In other words, according to the above definition, it may not be called as Big Data problem if the problem can not be solved with simple algorithms (NoSQL and map/reduce ?). To help myself to have clear clue,I make a diagram as below,
I classify database techniques into four groups, which map to the "problem types" diagram.
- Structural database I think those traditional RDBMSs should still be used in operational database, which asks for good support for transaction process. If the data volume is small, it will be ok to use RDBMS in data warehouse application as well.

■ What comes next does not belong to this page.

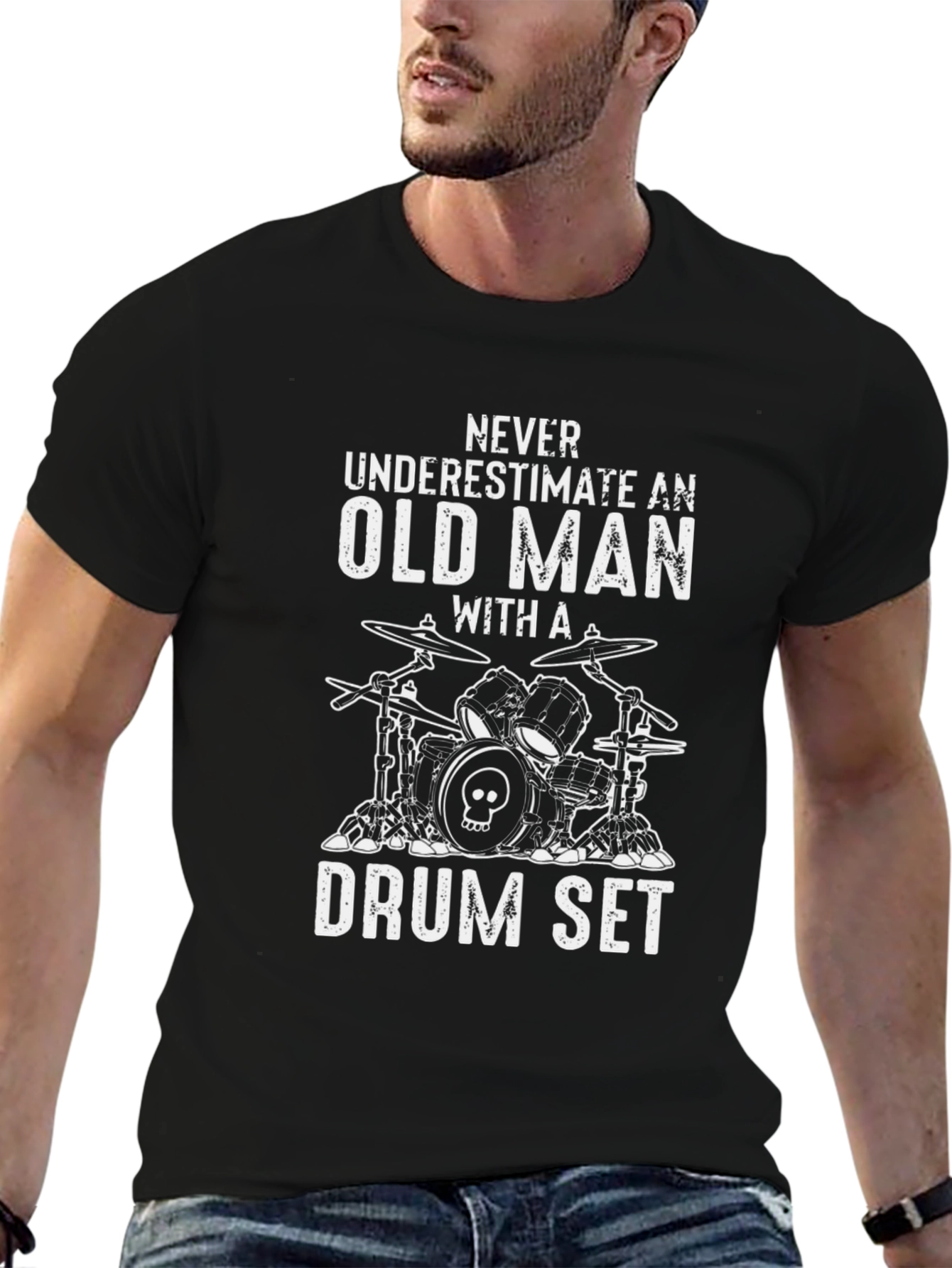 Old Man Drum Set T-Shirt - Musician Tee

After all, structure database has been developed for decades to deal with even table that have to be partitioned.
- Quant If advanced mathematics knowledge is required, quant analysis is demanded.
- NoSQL NoSQL becomes popular as developer find that for some problems, they can dramatically speed up data I/O operation if they model the data in an nonstructural way, which against the rule of normalization in a RDBMS. Although traditional RDBMS also has techniques like materialized table, materialized view, and proxy table, they all have limitation and are all still behind SQL optimization engine.So, why dont we just directly got to hit data storage engine if we do not need SQL at all. Then, NoSQL comes into the stage.
- Hybrid In fact, besides those popular NoSQL database like MongoDB, coutchDB, HBase etc, those traditional RDBMS vendors are also developing their NoSQL products too. For examples, MySQL cluster has key/value memcached and sockethandler that avoid overhead SQL stuff. In a real project, which needs to handle big data volume and transaction as well, I believe both structural database and NoSQL database are needed.
I always try to be careful not to be fooled by marketing language. NoSQL and RDBMS should have their own position in a large system, where hybrid solution is required. We need to choose right tools for different tasks.